About Features Reviews Community Screenings Archives Studios Home
December 2006
DREAMGIRLS: An Interview with Producer Laurence Mark

DREAMGIRLS: An Interview with Producer Laurence Mark
By Wilson Morales

December 11, 2006

For producer Laurence Mark, to be the one who gets to produce the most eagerly awaited film of the year, it must have been a challenge. It’s one thing when he’s putting together hits like “Jerry Maguire”, “I, Robot”, “As Good As It Gets” and most recently, “Last Holiday”, which starred Queen Latifah, but when you’re about to do Dreamgirls, you better come correct. This is the film that over decades had many actors lined up in the running. The show is such a Broadway classic and especially the songs that if you are going to bring it to the big screen, you better have the right cast and they better have the right pipes. In the last few years, many studios have tried to emulate the success of the Oscar winning film, Chicago, but have failed. “Rent” and “The Producers” are the most examples of stage to film vehicles that failed to capture an audience. With Chicago screenwriter Bill Condon on board as Director, and a cast that includes Grammy winner Beyonce, Oscar winner Jamie Foxx, Eddie Murphy, and Danny Glover, the path to success lies ahead. Not to mention that Mark helped cast the breakthrough star of the year in Jennifer Hudson, whose pipes alone may carry the film to multiple awards and new fans of the story across the world. In speaking to blackfilm.com, Mark talks about putting the film together, casting the female leads, and the comparisons to the Supremes.


So many years had gone by with talk about a Dreamgirls film and who’s gonna be in it. How do you become the one putting it together?
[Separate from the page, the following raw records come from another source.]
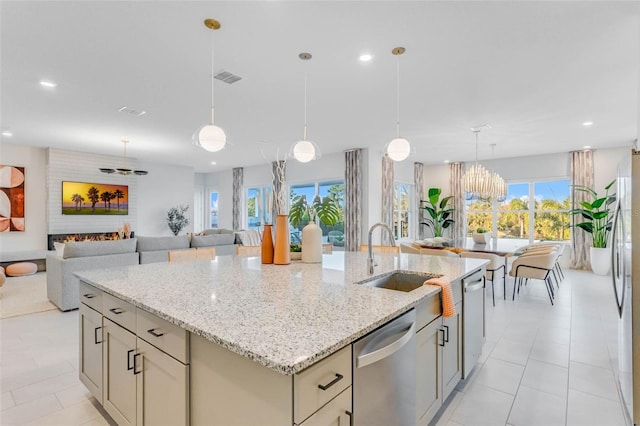 kitchen with a fireplace, a sink, visible vents, appliances with stainless steel finishes, and an island with sink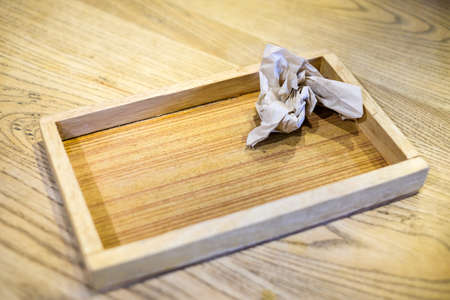 Handmade wooden tray with crumpled paper on the brown table for background or texture.の写真素材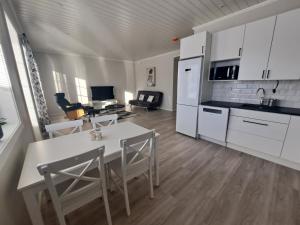 a kitchen and living room with a table and chairs at LENA - Brand new apartment - Modern & Cozy in Närpes - Built in 2023 in Närpiö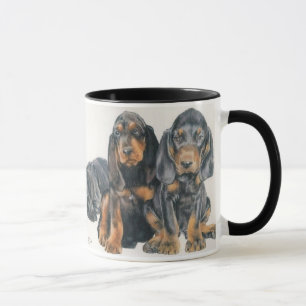 Schwarzes und TANcoonhound-Welpen Tasse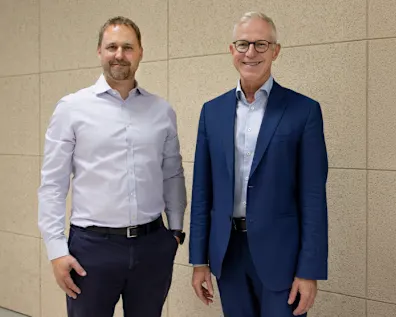 Florian Heuter im weißen Businesshemd auf der linken Seite, Frank Hilgers im blauen Anzug auf der rechten Seite, stehend vor einem hellbraunen Hintergrund.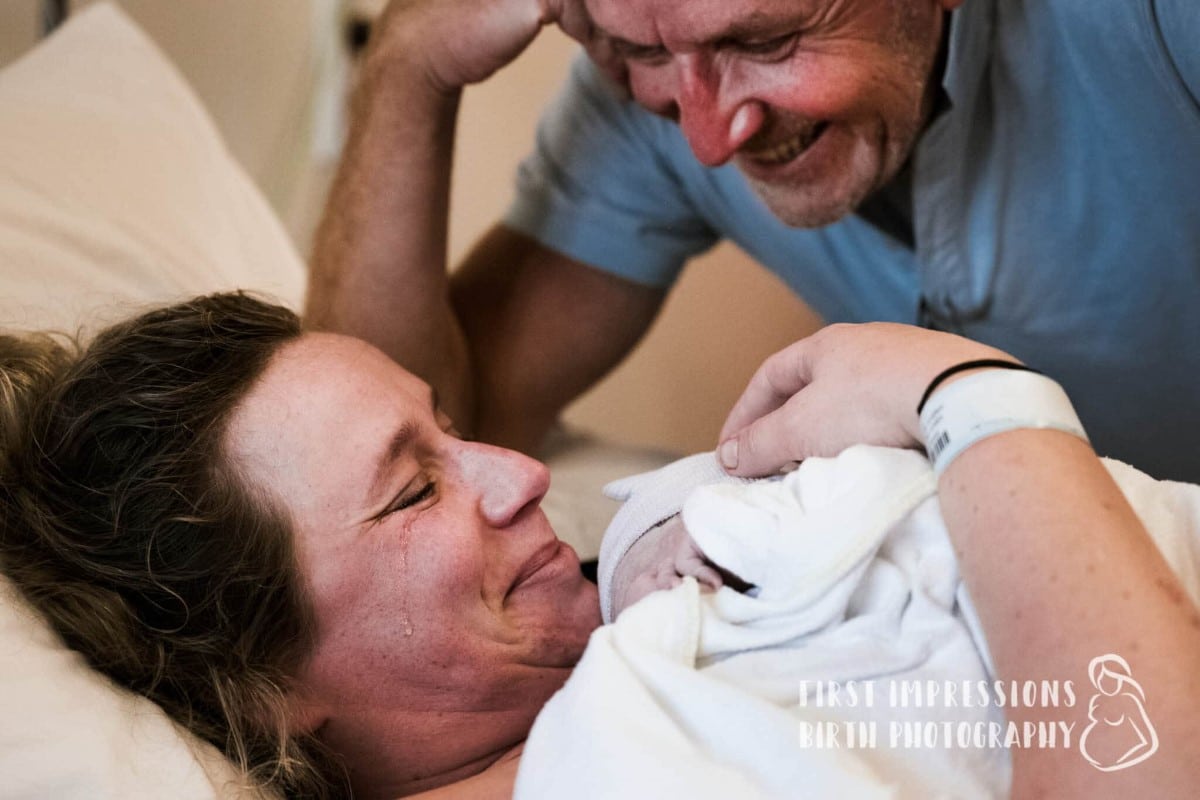 Grandfather with daughter and grandchild after birth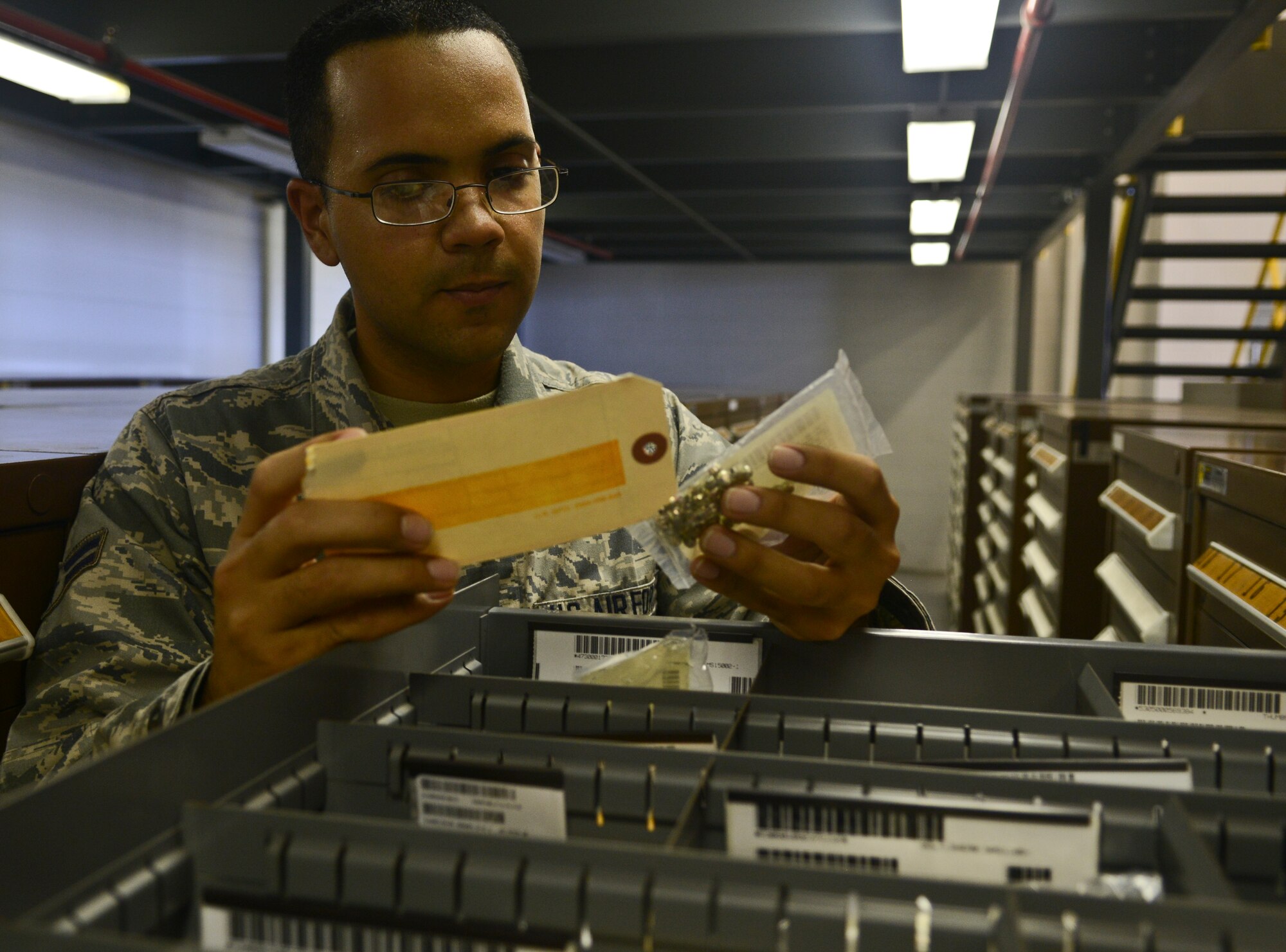 Airman 1st Class Luis Gonzalezvelez, 6th Logistics Readiness Squadron, performs an inventory check July 10, 2013, at MacDill Air Force Base, Fla. Members of the 6th LRS provide logistical support to sustain the worldwide mission of the 6th Air Mobility Wing, two war-fighting commands and 51 mission partners. (U.S. Air Force photo by Staff Sgt. Brandon Shapiro/Released)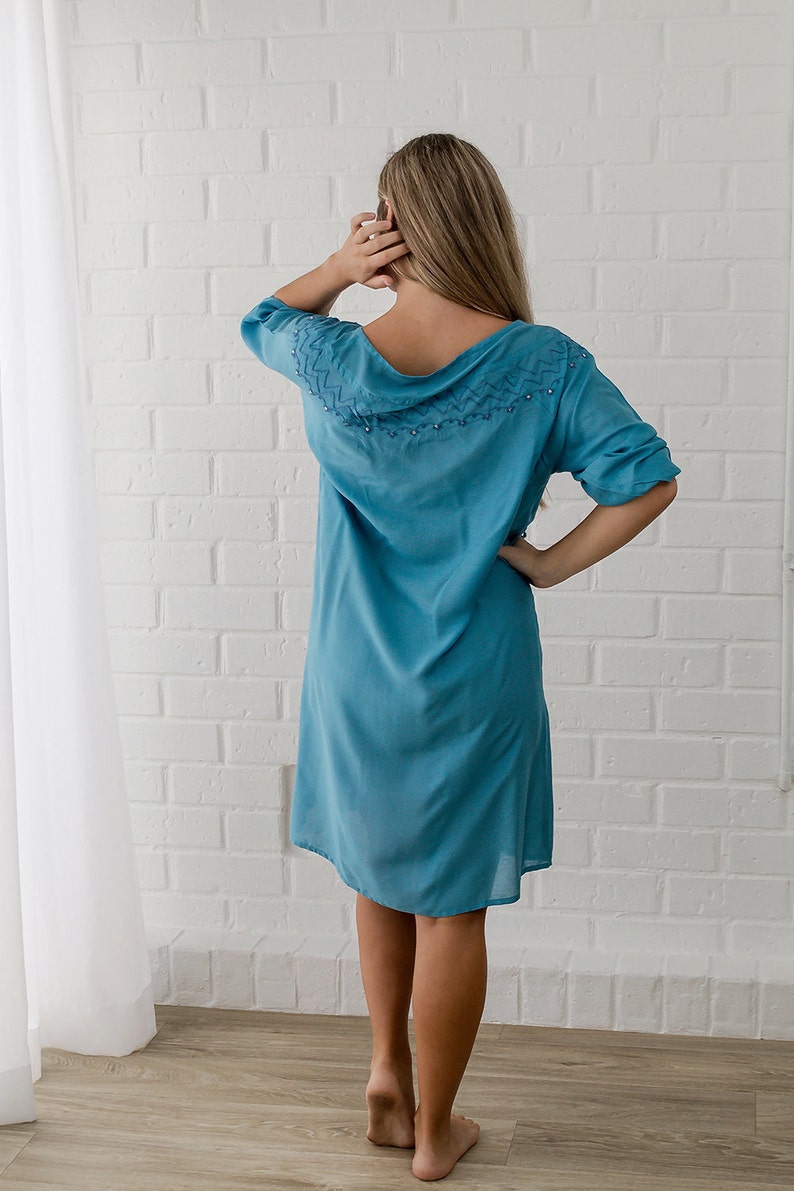 May include: A light blue, knee-length dress with a decorative neckline featuring a beaded design. The dress has a relaxed fit and three-quarter sleeves.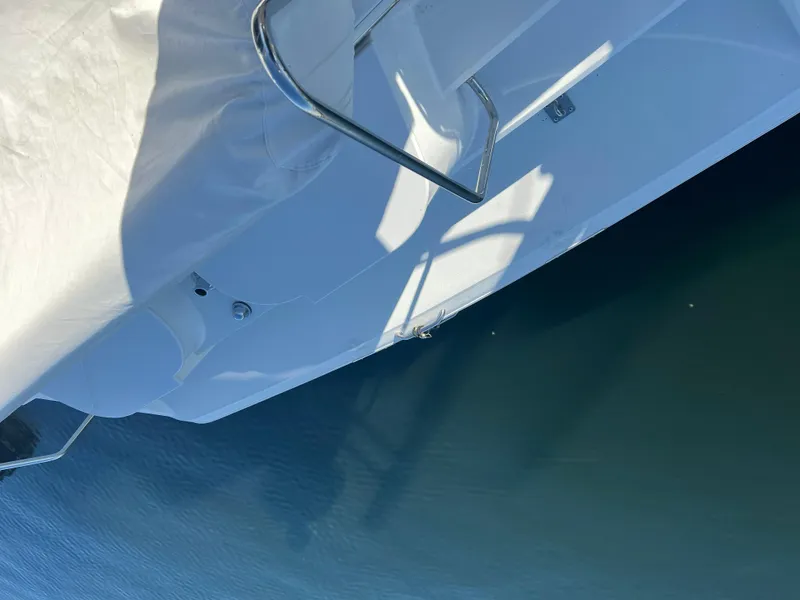 Slide: The Image of 1997 Carver 380 Santego SE yacht, partial view, docked on calm water. - 22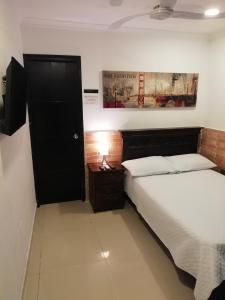 1 dormitorio con 2 camas y puerta negra en Apto amoblado barrio Los Alpes Cartagena, en Cartagena de Indias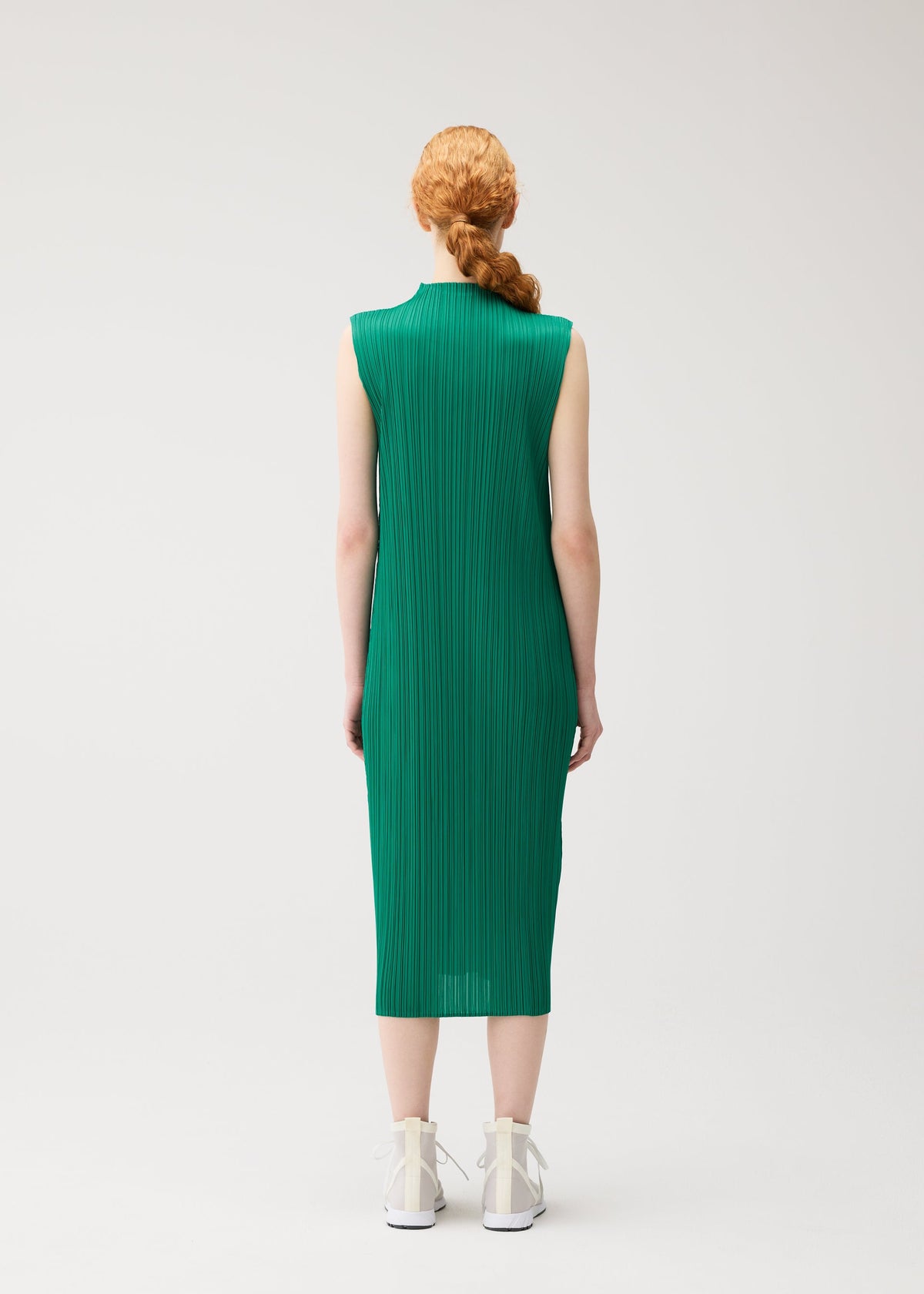 A person faces away from the camera, wearing the PLEATS PLEASE ISSEY MIYAKE MONTHLY COLORS : JULY sleeveless green high-neck dress with white high-top sneakers, standing against a plain white background. view 9 of 10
Laurence Mark: Well, first of all I had the great idea of having Bill Condon doing it and also directing it by the way because I’ve known Bill for a long, long time, and knew that he has, even though his resume might not suggest it, aside from the writing of Chicago, his other movies that you might not know that he is a lover of musicals and also knows the musical form better than anyone I knew, and I was lucky that I knew that. I’m also lucky that David Geffen was an old buddy, and I guess was more prone to trusting me, and then me and Bill, because for 25 years he had been very wary. Because so many musicals movies screw up, they just do, and then what happens, the legend that is the stage musical is tarnished and its legacy that’s Michael Bennett would have been tarnished. And David was like, well the way to have that happen is to not do it. And he was perfectly happy not to do it, until we bashed his door down. I also think though that in the last 25 years I’d like someone to come up with a dreamier cast. I’m just not sure you could. Lauren Hill would have been great, but I don’t know who would have been in it with her.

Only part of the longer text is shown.